Additionally, the Service's Government Screening program has several site access programs which provide assessments regarding individuals requiring access to major airports, ports and sensitive marine facilities, the Parliamentary Precinct, official residences, nuclear power facilities, as well as certain provincial and federal government departments. These programs also assist in enhancing security and reducing the potential threat from terrorist groups and foreign governments that may seek to gain access to classified information or other assets, materials and sensitive sites.
CSIS also plays a role, in collaboration with the Royal Canadian Mounted Police (RCMP), during the accreditation process for Canadian and/or foreign nationals associated with major events held in Canada, such as the 2010 Winter Olympic games in Vancouver, where access to designated security perimeters is limited.
Under reciprocal screening agreements, CSIS provides security assessments to the governments of foreign states, to foreign agencies and to international organizations (such as NATO) regarding Canadian residents wishing to reside in another country or who are being considered for classified access in another country or being employed at foreign Embassies / Consulates in Canada. Canadian citizens on whom information is being provided must give their consent in advance. Screening agreements are all approved by the Minister of Public Safety after consultation with the Minister of Foreign Affairs and International Trade Canada.
While Canada's long and valued tradition of welcoming immigrants and visitors continues, Canada and its allies must maintain a heightened and sustained vigilance to counter acts of political or religiously motivated violence and espionage, all of which constitute a threat to our personal and national security, including our economic security. Maintaining the integrity of the immigration system is a vital part of strengthening Canada's security environment.
The objective of CSIS's Immigration and Citizenship Screening Program is to prevent non-Canadians who pose security risks from entering or receiving status in Canada. The program is founded on the security-related criteria contained in the Immigration and Refugee Protection Act (IRPA) and the Citizenship Act; therefore, CSIS provides security advice regarding immigration and citizenship matters to Citizenship and Immigration Canada (CIC) and to the Canada Border Services Agency (CBSA). CSIS also conducts security screening of Canadian visa applicants and prospective immigrants in cases where the applicant presents potential security concerns.
Canada's refugee determination system is recognized around the world for its fairness in offering protection to genuine refugee applicants. Without proper safeguards, however, the system is vulnerable to criminals or terrorists posing as refugees who wish to gain access to our country; therefore the Government of Canada's Refugee Claimant Screening Program is Canada's first line of defence, with a mandate to screen all refugee applicants in order to determine their admissibility to Canada.
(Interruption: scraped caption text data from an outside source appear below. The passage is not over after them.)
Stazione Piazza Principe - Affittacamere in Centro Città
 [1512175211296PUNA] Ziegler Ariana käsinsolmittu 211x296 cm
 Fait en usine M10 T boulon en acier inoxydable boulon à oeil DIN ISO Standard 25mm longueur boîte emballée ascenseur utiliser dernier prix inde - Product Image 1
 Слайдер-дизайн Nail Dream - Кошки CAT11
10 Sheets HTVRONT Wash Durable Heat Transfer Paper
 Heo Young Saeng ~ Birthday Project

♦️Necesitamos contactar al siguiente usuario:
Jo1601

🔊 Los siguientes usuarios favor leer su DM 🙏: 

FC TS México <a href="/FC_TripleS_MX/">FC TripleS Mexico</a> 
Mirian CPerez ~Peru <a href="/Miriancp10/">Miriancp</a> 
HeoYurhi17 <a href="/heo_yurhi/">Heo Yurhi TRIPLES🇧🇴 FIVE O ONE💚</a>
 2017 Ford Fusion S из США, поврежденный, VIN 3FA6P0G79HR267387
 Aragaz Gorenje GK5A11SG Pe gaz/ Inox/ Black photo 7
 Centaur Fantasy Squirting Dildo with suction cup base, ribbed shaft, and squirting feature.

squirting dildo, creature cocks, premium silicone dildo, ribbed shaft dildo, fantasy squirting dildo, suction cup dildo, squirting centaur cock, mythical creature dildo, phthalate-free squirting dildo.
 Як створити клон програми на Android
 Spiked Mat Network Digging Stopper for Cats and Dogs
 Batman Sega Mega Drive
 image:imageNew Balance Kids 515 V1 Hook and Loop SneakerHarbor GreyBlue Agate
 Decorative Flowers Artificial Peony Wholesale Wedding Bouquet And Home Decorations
The CSIS Security Screening program manages the Refugee Claimant Screening Program, providing security assessments on refugee applicants to CIC. The program's goal is to ensure that those who are inadmissible to Canada for security reasons under the IRPA are identified as early as possible in the refugee determination process and prevented from taking up residence in this country. In all immigration applications, CSIS provides CIC with an assessment regarding an individual's admissibility to Canada, based on its security screening investigation.
Even in an evolving threat environment CSIS is able, through its various screening programs, to support the Government of Canada's efforts to ensure our security. A secure environment helps enhance Canada's multicultural make-up, and promotes Canada's status as one of the best places in the world to work and live.